Il gioiello di Frattamaggiore è l’unico ad avere la stoffa, la verve e la capacità di impensierire la difesa juventina. Corre, lotta, dribbla e tenta l’eurogol, ma purtroppo non è in buona compagnia; Higuain si vede a tratti, Hamsik non è pervenuto. Nel secondo tempo gli azzurri entrano in campo con uno spirito diverso. Palleggiano, cercano lo spiraglio con calma e pazienza, anche Behrami ritrova un pizzico di aggressività che nel primo tempo era svanita. I partenopei vanno vicini al pareggio con il capitano slovacco ma la palla si infrange sull’esterno della rete. Un segno, un destino.

Dall’altra parte, un vero fuoriclasse, Andrea Pirlo, alla prima punizione crea una parabola imparabile e la Juventus, pur schiacciata dal buon piglio azzurro del secondo tempo, si ritrova avanti di due gol. Ma non finisce qui. C’è un altro fuoriclasse nella Juventus e ha il nome di Paul Pogba: dopo 6 minuti dalla punizione perfetta, il francese al limite dell’area colpisce di controbalzo e fa partire una saetta violenta, straordinaria per forza ed esecuzione che gela Pepe Reina. E’ il 3 a 0. Il Napoli di Benitez si ritrova così sotto, nettamente, forse anche immeritatamente per quanto costruito nel secondo tempo, ma è un passivo significativo per identificare la differenza attuale tra le due squadre.

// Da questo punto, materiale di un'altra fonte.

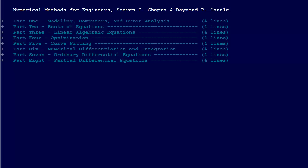I'd like to give a quick overview of the book that we're using for this course. The book is Numerical Methods for Engineers by Stephen Chapra and Raymond Canale, and it's divided into eight different parts.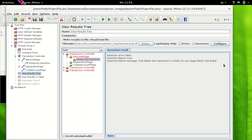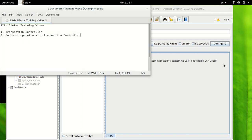So this was all about how we can use transaction controller to measure the timing of an entire transaction or end-to-end scenario in JMeter. That's all for this session. If you enjoyed watching, please hit the like button and subscribe to my channel. See you next time. Keep learning. Bye-bye.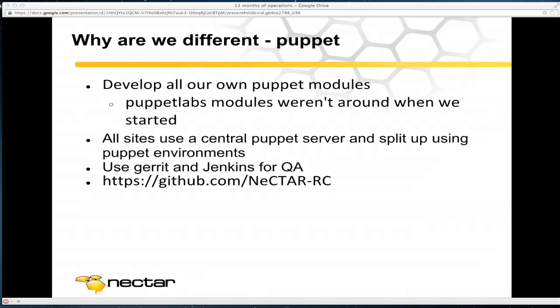We use Puppet. Unfortunately when we started our cloud there were no real good Puppet modules out there, so that's kind of why we are still rolling our own — I'd love to move over to the great ones developed by Puppet Labs, but one day maybe we'll have the time. We have a central Puppet server and try to get all our nodes to use the same one with environments, giving a good common code base for all our deployments. We keep it flexible because there are lots of different environments, hardware, and network topologies.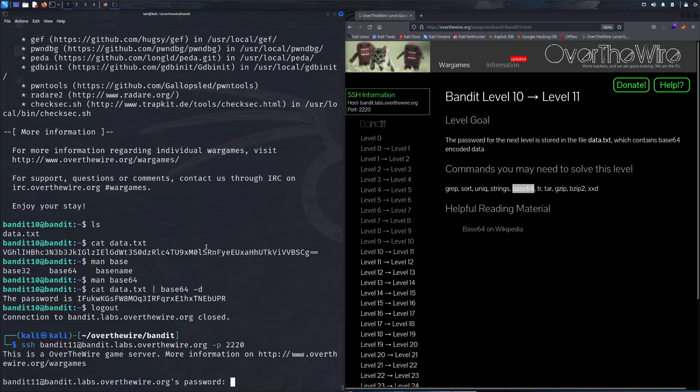So here we're gonna exit out of this session and SSH into bandit 11 in the next video. Thanks for watching, I hope you are enjoying these and learning some neat stuff to crush it on the terminal. Keep running through these bandit wargame series, like, comment, subscribe, and share it with a friend. I'll catch you guys on the next one.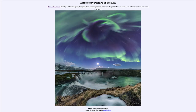Greetings and welcome to the introduction to astronomy. One of the things I like to do in each of my introductory astronomy classes is to begin the class with the Astronomy Picture of the Day from the NASA website, that is apod.nasa.gov/apod. Today's picture is for July 4th of 2023.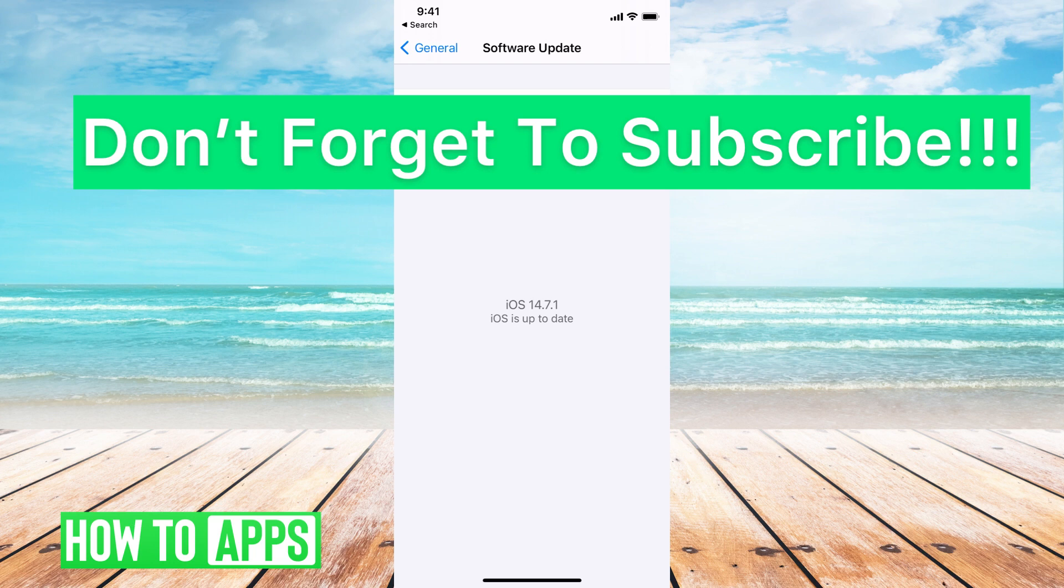If you guys have any questions on that, let us know in the comments below. If not, don't forget to like and don't forget to subscribe.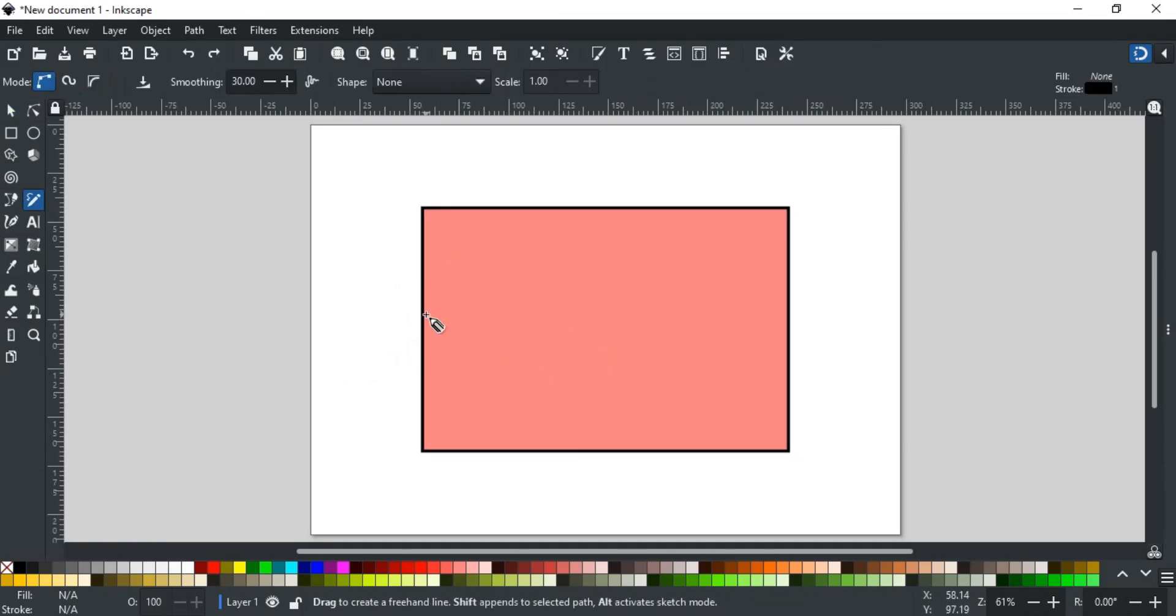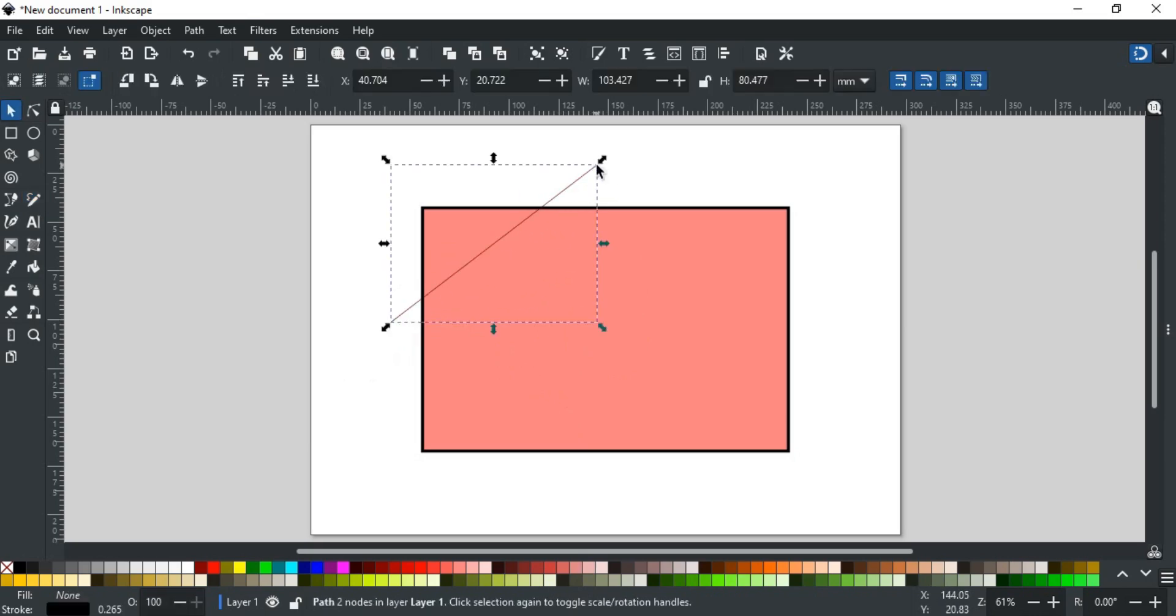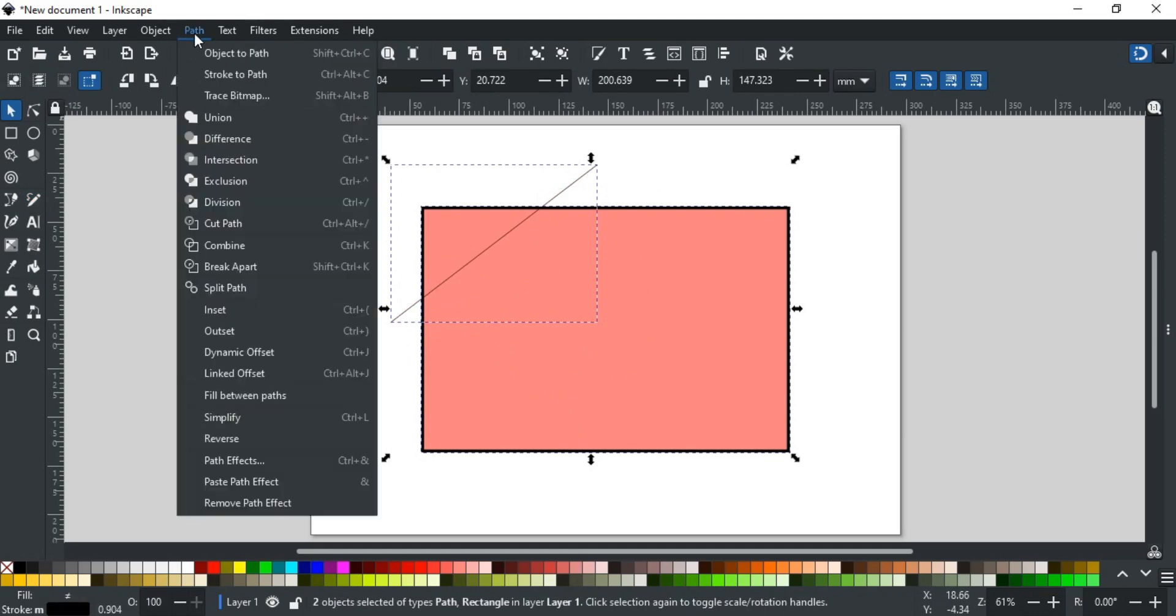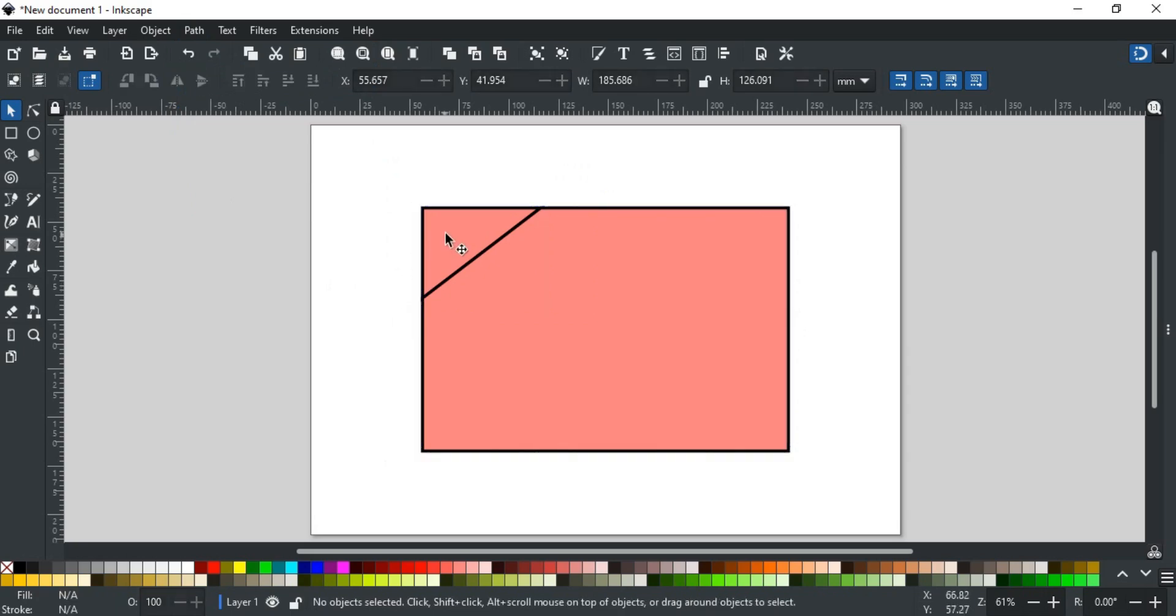Select the pencil tool and create a line from where you want to cut the shape. Now, select both square and line. Go to Path and select Division. You can see, the square is cut from where the line was drawn.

Da una parte ci sono uomini in grado di prendersi la squadra sulle spalle e condurla alla vittoria, con un guizzo, un tiro, una punizione, una giocata, una magia. Dall’altra c’è Insigne che cresce a vista d’occhio e che è stato frenato solo da un rinvigorito Buffon. Doccia freccia per il Napoli, per Benitez e per i tanti tifosi. C’è tanto da lavorare, soprattutto nella testa. Un big match tanto atteso non può essere affrontato nei primi 45 minuti in maniera così svagata, distratta e senza mordente, aspettando il prossimo test importante per valutare la consistenza di questa rosa. Ma intanto un dato è certo, il Napoli non è ancora pronto per fronteggiare in una partita secca la Juventus e soprattutto per l’ennesima volta Marek Hamsik dimostra di mancare negli appuntamenti decisivi, ormai, e forse questo è l’elemento più triste, non ci si sorprende più.

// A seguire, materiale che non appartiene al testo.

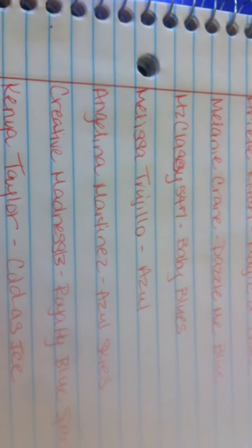Lynette Valentin, Adela Castro, Sam Snells, Laura Wigham, Ariel Rich, Melanie Crane, Miss Classy 547, Melissa Trujillo, Angelina Martinez, Creative Madness 13, Kenya Taylor, Nicole Howell, Miss Olds Nails.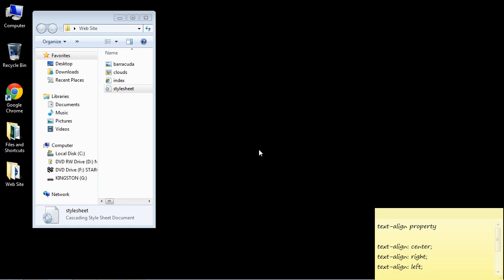Welcome to the 23rd video on beginning CSS. In this video we're going to take a look at the text-align property and you can see here it has three values: center, right, and left.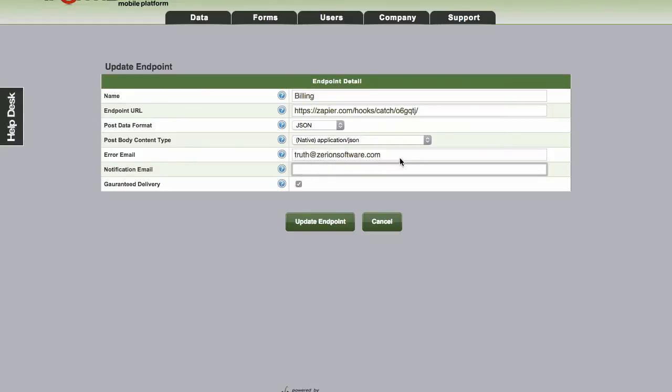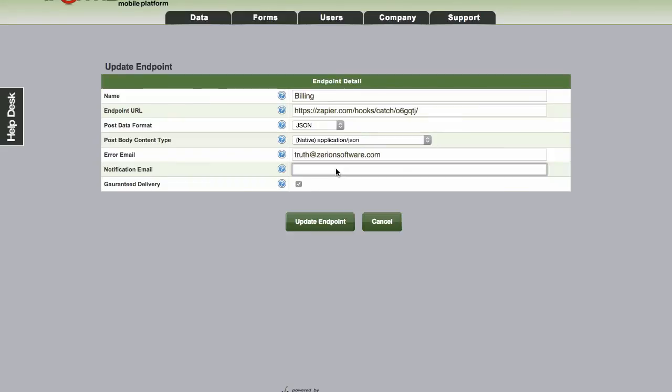The notification email that you see here is for every time the request would fail until it fails for the final attempt. You can get a notification email sent to you. I'm not too concerned about that, I only want to know if it fails. I know that iForm Builder is going to continue to retry for me, so I like to keep my inbox nice and clean and I'll leave that blank.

La Juventus, invece, dopo la sconfitta contro la Fiorentina, sembra essersi totalmente ripresa dal torpore d’inizio stagione, che nonostante tutto ha permesso ai bianconeri di restare attaccati alla Roma. Ora gli uomini di Conte si ritrovano a -1 dalla capolista, e iniziano a mettere grande pressione ai giallorossi, dopo aver ritrovato la forza, la cattiveria e la ferocia tipica degli ultimi due anni. Pressing asfissiante, pallino del gioco sempre in mano e una tenuta mentale solida, senza sbandate o distrazioni. Il marchio di fabbrica che caratterizza questa squadra e che non è stato dimenticato, quel marchio di fabbrica che permette ancora una volta di far sì che la Juventus sia anche quest’anno la favorita per la vittoria finale. E se le parole non bastano, utilizziamo la statistica: i bianconeri non incassano gol da quattro partite.